Shortly after purchasing it, Philipse, whose residence was the Philipse Manor Hall near Tarrytown, and who maintained only a bachelor shooting lodge on Lake Mahopac in the Highland Patent, opened the tract to tenant settlers. Thus began a policy that lasted throughout his lifetime and his heirs' so long as they owned the land, to rent rather than sell, a practice which led to stunted growth for two and a half centuries to come.

Inheritance

Upon Frederick's death in 1702, Adolphus inherited a partial share of the Manor's lands, which then amounted to over 80 square miles and encompassed the bulk of today's lower Westchester County. The title and balance of the lands passed to his nephew, Frederick Philipse II, whose father Philip, elder brother of Adolphus, had predeceased Frederick I.

Division

Adolphus Philipse died in 1750 (Smith, 1749), with the Highland Patent passing to Frederick II, his only heir-at-law. Upon Frederick II's death in 1751, the Manor went to his son Frederick Philipse III, while the Patent was divided among four of Frederick II's offspring: son Philip Philipse, and daughters, Susannah (wife of Beverley Robinson), Mary (wife of Col. Roger Morris), and Margaret, who died intestate.

By terms of her father's will Margaret's portion was then equally divided among her brother and sisters. After a 1751 survey, the tract was geographically divided into nine Lots as seen in the preserved undated pen and ink map (bearing a survey date as late as 1771): three on the river, three in the interior, and three on the eastern border abutting the Oblong. Each of the three heirs inherited a lot in each division.

Seizure

Frederick was a Loyalist during the American Revolution. As such, he was attained by the Provincial Congress of New York in 1779 and his Manor and other lands in today's Westchester County were seized. Several months later their sale was ordered.

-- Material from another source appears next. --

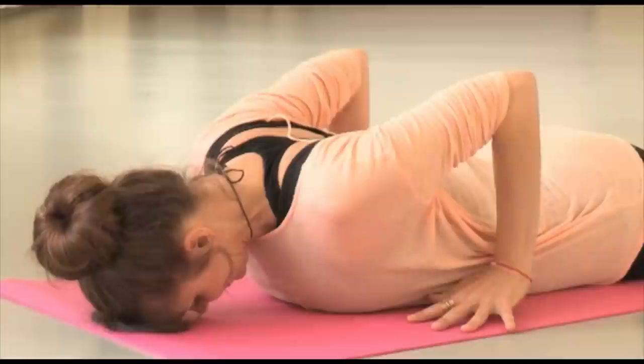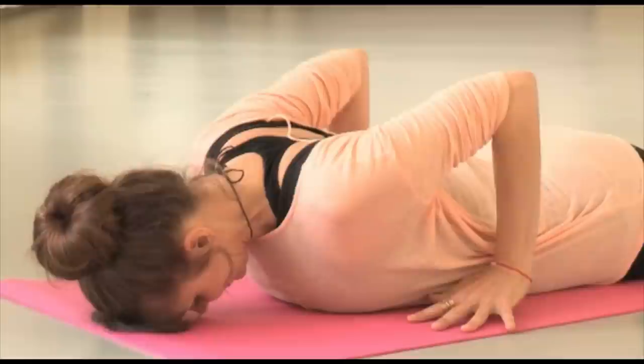Exhale, bring your forehead down to the ground, bring your hands back, press into the hands and press yourself back to seated position. And that is cobra.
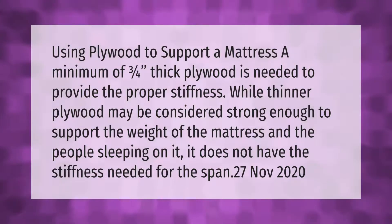When using plywood to support a mattress, a minimum of three-quarters-inch thick plywood is needed to provide the proper stiffness. While thinner plywood may be considered strong enough to support the weight of the mattress and the people sleeping on it, it does not have the stiffness needed for the span.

Philipse family holdings belonging to other members, principally the Highland Patent, were also seized by the Commissioners of Forfeitures. Sale was withheld during the war, as its outcome was uncertain, confiscated lands had been pledged as collateral against monies borrowed by the provisional government to finance the conflict, and tenants lobbied for the right of preemptive purchase of leased land.

Sale proceeded after the Revolution ended. In spite of assurances of restitution in the 1783 Treaty of Paris signed with the British, and the enormous sum raised – the better part of a quarter of a million pounds Sterling – New York's Provisional Congress reneged and no compensation was forthcoming.

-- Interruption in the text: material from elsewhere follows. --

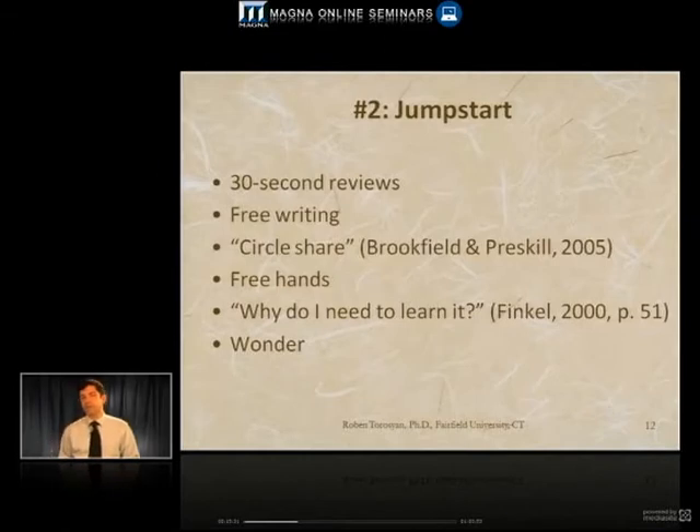An accounting professor I know demonstrates one problem set, then gives the students 30 seconds to work on another problem in pairs or in groups of four to five students and raise their hands with the next step and a solution. These can only take no longer than a minute or two.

Several thousand acres of the Philipse estate went to the tenant farmers who worked on the land. In all, the lands were divided up into almost 200 different parcels, with the bulk of the holdings going to Dutch New York businessman Henry Beekman.

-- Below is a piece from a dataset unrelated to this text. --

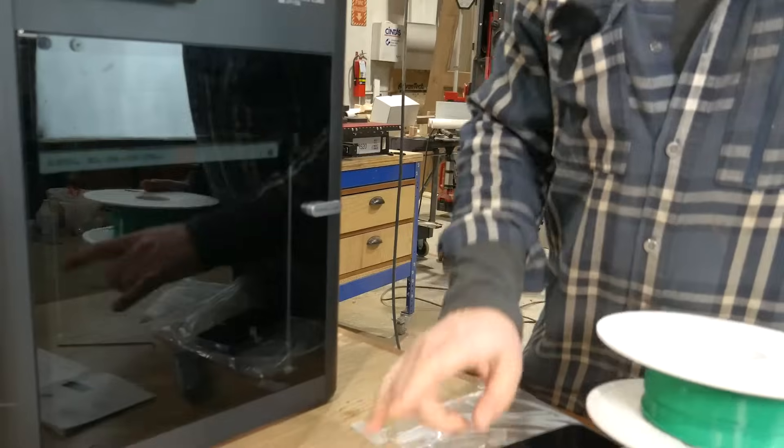Let's go test print. What's really cool about this is we can actually put four different color filaments in here, which is really nice.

In 1787, a British court decided that the inheritance rights of heirs to property that was confiscated by the Americans during the American Revolution was recoverable. Under this decision, John Jacob Astor I purchased the reversionary rights to the Philipse lands in 1809 from the heirs of Roger Morris (husband of Mary Philipse) for £20,000. After Mary Philipse Morris died in 1825, Astor attempted to collect rents on the lands, but the new “owners,” who had purchased from the lands from the NY Commission of Forfeiture, refused to pay, and Astor tried to evict them. A compromise was reached in 1828 when NY State compensated Astor for the reversionary rights in the amount of $500,000.

Incorporation

The Highland Patent had been incorporated into Dutchess County in 1737, where it was known as the "South Precinct." In 1806 a very small portion north of the Hudson Highlands by the mouth of Fishkill Creek was split off to from Philipstown (which had been established in 1788 out of the westernmost three and part of a fourth parcel of the Philipse Patent) and given to the Town of Fishkill. In 1812 the balance of the Philipse Patent was separated from Dutchess County and became today's Putnam County.